Comerciante: “Vai levar um packzinho?”
Policial: “Pode ser aquela Império”.
Além de receber cerveja como pagamento de propina, alguns dos PMs investigados também aceitaram garrafas de vodka como contribuição ilegal.
A denúncia do MP aponta que três PMs receberam de um deposito de bebidas dois engradados de bebidas alcoólicas, um de cerveja e outro de vodka.
Outro policial usa uma expressão curiosa para definir o trabalho de mais uma sexta-feira na Baixada Fluminense.
“Vou aqui no meu arrêgo”, diz o PM.
Arrêgo é uma palavra muito usada por bandidos, que significa propina.
Segundo a denúncia, os policiais envolvidos são suspeitos de ter praticado os crimes de corrupção passiva, recusa de obediência e associação criminosa.
O que diz a PM
A porta-voz da Polícia Militar, tenente-coronel Cláudia Moraes, disse ao RJ2 que as denúncias estão sendo investigadas pela corporação e que as acusações causam constrangimento.
“A gente se sente constrangido, porque não é a forma, não é nada que a instituição apregoa, nada que a instituição ensina. Essa situação tá sendo investigada, essa operação que a gente tá tendo hoje da Corregedoria foi fruto de uma investigação de um período importante de investigação da nossa Corregedoria”.
“Esse tipo de conduta não condiz com o que se espera de uma Polícia Militar, que se espera de uma corporação. Então, é uma atividade muito importante, é uma ação contundente da nossa Corregedoria, do comando da corporação em relação a esse tipo de prática que, como eu disse, não representa.

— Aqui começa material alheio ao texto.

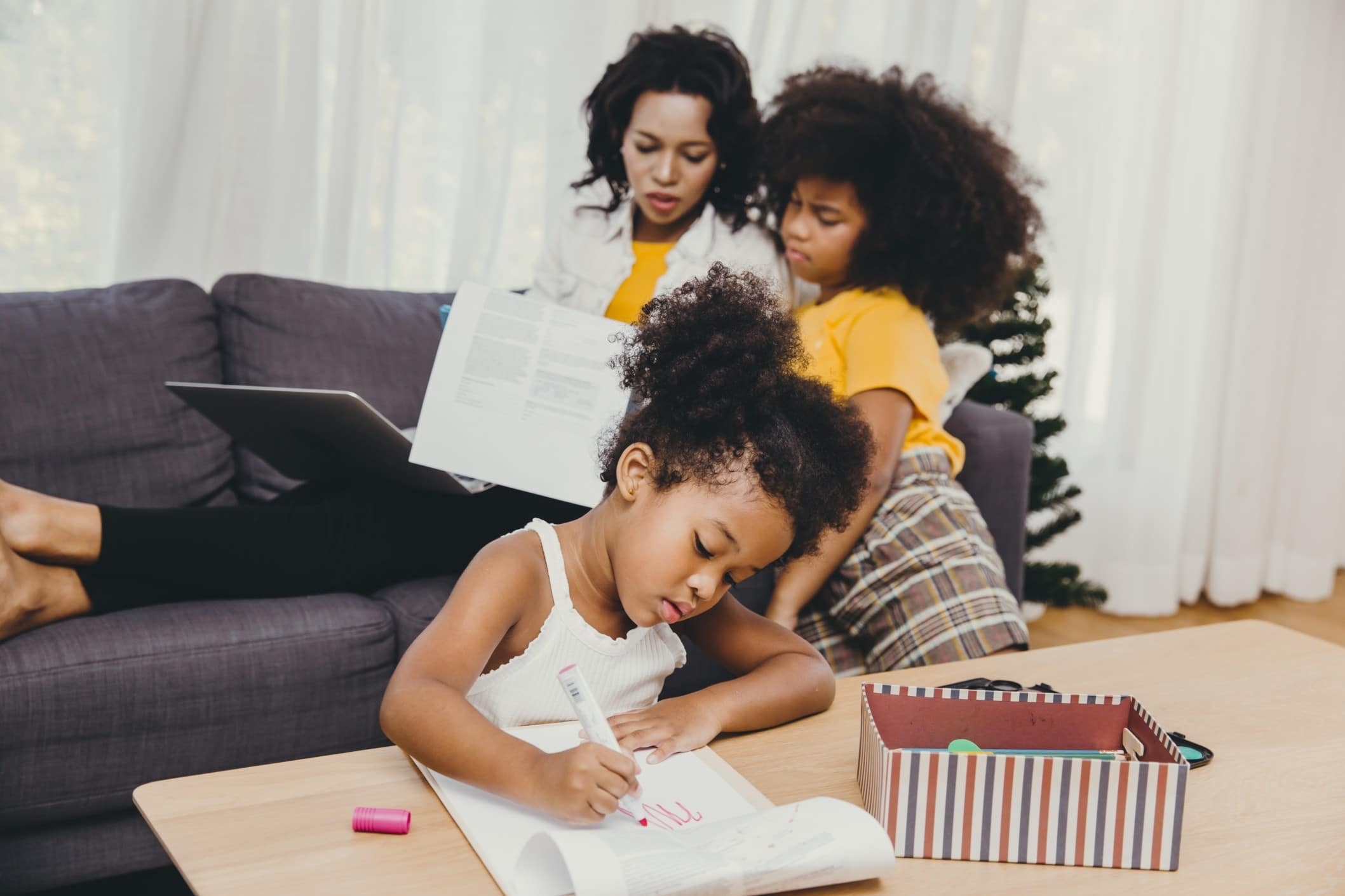 mom helping two daughters with school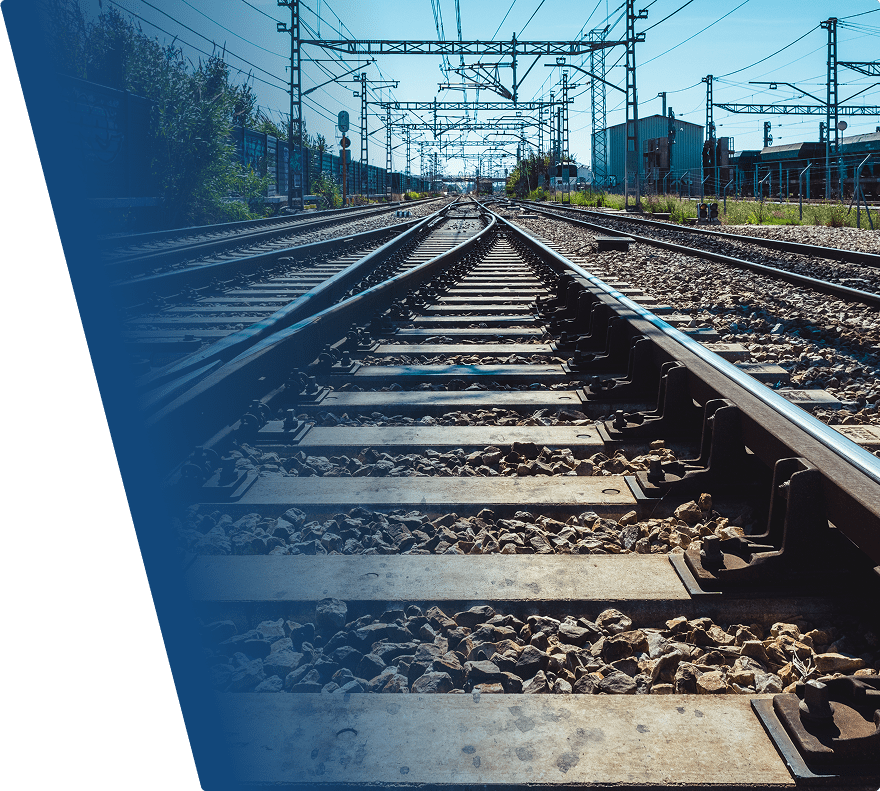 Railway tracks converging in the distance under a clear blue sky, with overhead electrical lines and poles running parallel to the tracks. Gravel and concrete sleepers support the rails, and industrial buildings and fencing are visible on the right side. Trees and greenery line the left side of the tracks.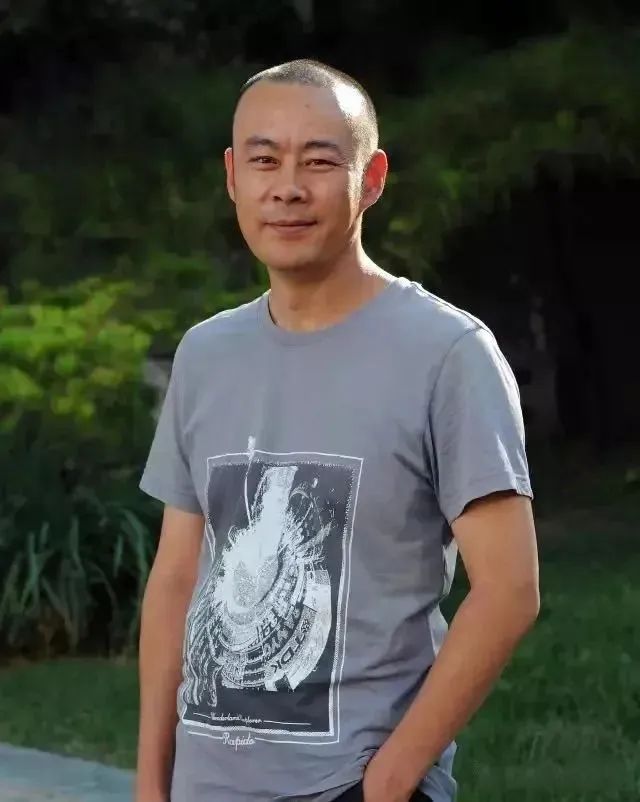 徐 展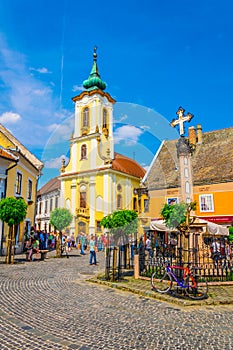 SZENTENDRE, HUNGARY MAY 22, 2016: People are walking in front of the blagovestenska Serbian orthodox church in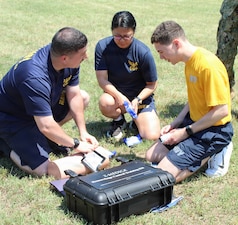 U.S. Navy medical personnel practice wound packing and massive hemorrhage management using a Z-Medica Hemorrhage Control Training Kit during a joint Tactical Combat Casualty Care (TCCC) evolution at Naval Support Facility (NSF) Indian Head, Maryland. The collaborative training brought together Sailors from Navy Medical Readiness and Training Unit (NMRTU) Dahlgren, NMRTC-Detachment Indian Head, and NMRTC-Detachment Joint Base Andrews to target the "M" (Massive Bleeding) phase of the MARCH trauma algorithm. Conducted under the "Warrior Wednesday" initiative, the drill utilized synthetic tissue trainers and hemostatic gauze to build tactical muscle memory and enhance joint medical readiness across regional commands.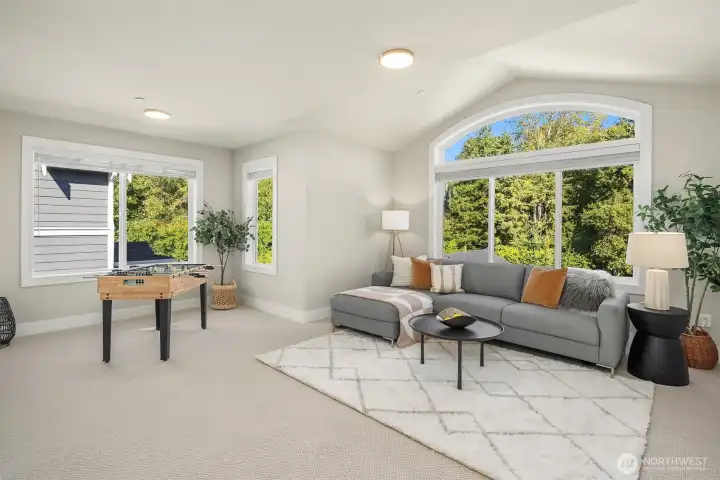 Bonus room off the top of the stairs.  Love the scenery out this window.  Great space for all your fun.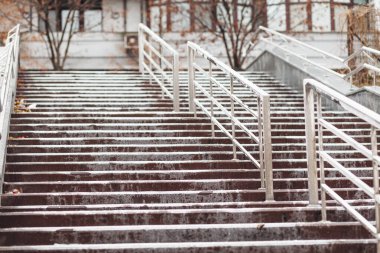 Merdivenlerde şehrin kaldırımında buzlanma. Soğuk havada yağmur yağar.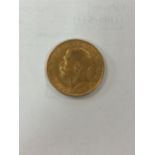 A George V gold sovereign,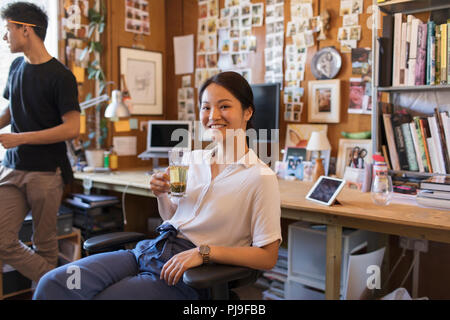 Ritratto sorridente e fiducioso imprenditrice creativa bere il tè in ufficio Foto Stock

“A gente precisa que a população faça como esses comerciantes que se viram, de alguma maneira, ali, ameaçados. Extorsão é uma coisa muito séria. Denunciar de forma anônima para que a Polícia Militar possa chegar nessas pessoas que não são, não refletem a maioria da nossa corporação. Isso é muito importante”.
“A esmagadora maioria da nossa Polícia Militar são de homens e mulheres honestos, trabalhadores, que dão a sua vida pela sociedade fluminense”.